Next gen of alt data
By Dr Elliot Banks (pictured), Chief Product Officer, BMLL Technologies
While the relationship between systematic hedge funds and alternative data sources is not new, quants have recently raised concerns that alt data is not giving the same alpha as it used to. This is because people are increasingly accessing the same data sets (web scraping, search analytics, satellite feeds etc.), making it difficult to find investing signals and high-frequency insight amongst the noise.
New data sets are needed to satisfy the demand for data-driven insights to spot long-term trends, improve trading decisions and ultimately drive performance. And while the industry understands the benefits of real-time (or near real-time) data, market participants are waking up to the predictive power of pricing data that comes from having access to vast amounts of historic data. Having a minimum of 5 years’ worth of historic Level 3 order book data is what is needed to have a meaningfully predictive data set. Or in other words...the next generation of alternative data.

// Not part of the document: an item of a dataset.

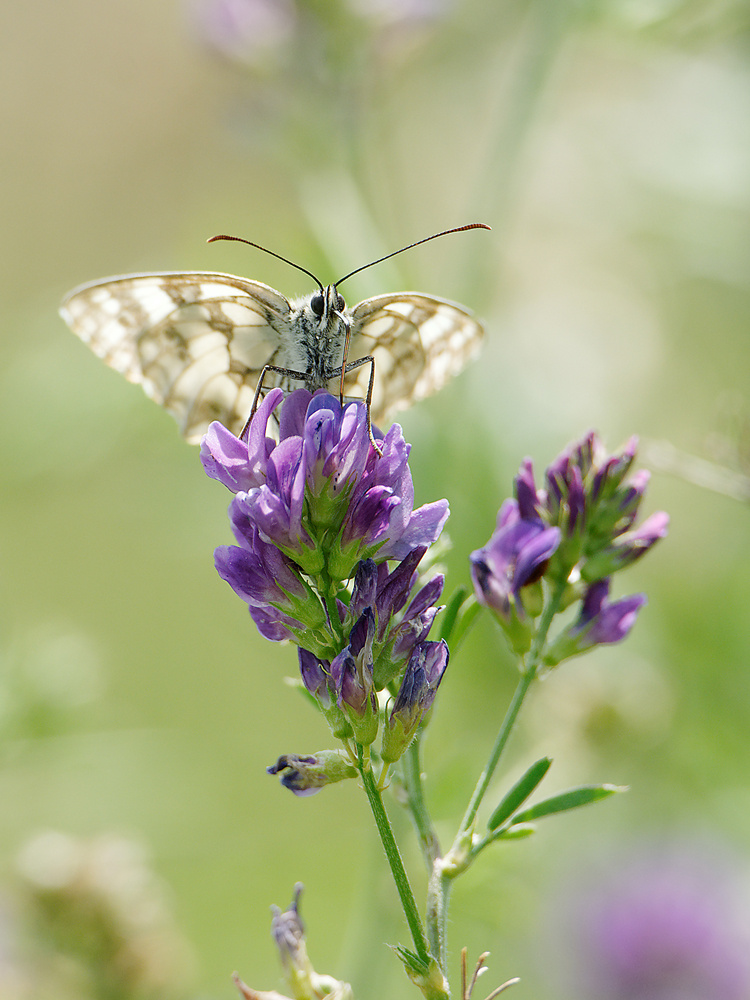 Schachbrett (Melanargia galathea)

The next gen alt data: Five years of historic Level 3 order book data
Accessing and analysing this type of data to derive statistically relevant signals has up to now been the preserve of large systematic funds with in-house capabilities to generate, analyse and ingest these levels of data in a scalable environment. But with the advent of public cloud and increased processing power, is this all about to change?
Above and beyond
Historic Level 3 order book data includes every single order sent to an exchange, encompassing each amend, cancel and fill. This granularity of data grants users the transparency to calculate important analytics such as fill probability, average resting time of an order, and how many price levels an order will move through before being completed. Level 3 data combined with an analytics capability basically allows you to derive a probability that an order is actually a large, real-money order that has to be to be filled, rather than volumes composed of numerous small orders that might not represent true liquidity. The primary use for this type of data is to find alternative sources of alpha generation.
Having a whole 5 years’ worth of Level 3 data, moreover, provides new opportunities to analyse long-term cycles and trends, back test your strategies, and look at the decision-making processes that every market participant made to actually trade. This is absolutely critical if you want to find inferences and go beyond the top of the order book.
The primary use of historic Level 3 data is to find alternative sources of alpha generation
If, for instance, you are going to programme your algo to send an order in IBM that trades on multiple different venues, do you want to be sending it to the venue that has the greatest amount of failed trades over the last 5 years, or the one that has the largest market impact when your order is sent to it? The only way you can get that intelligence for your algo is from historic Level 3 data. These data sets enable participants to understand how markets behave and unlock the full potential of the predictive power of pricing data over a sufficiently long time horizon to capture a wide spectrum of market scenarios.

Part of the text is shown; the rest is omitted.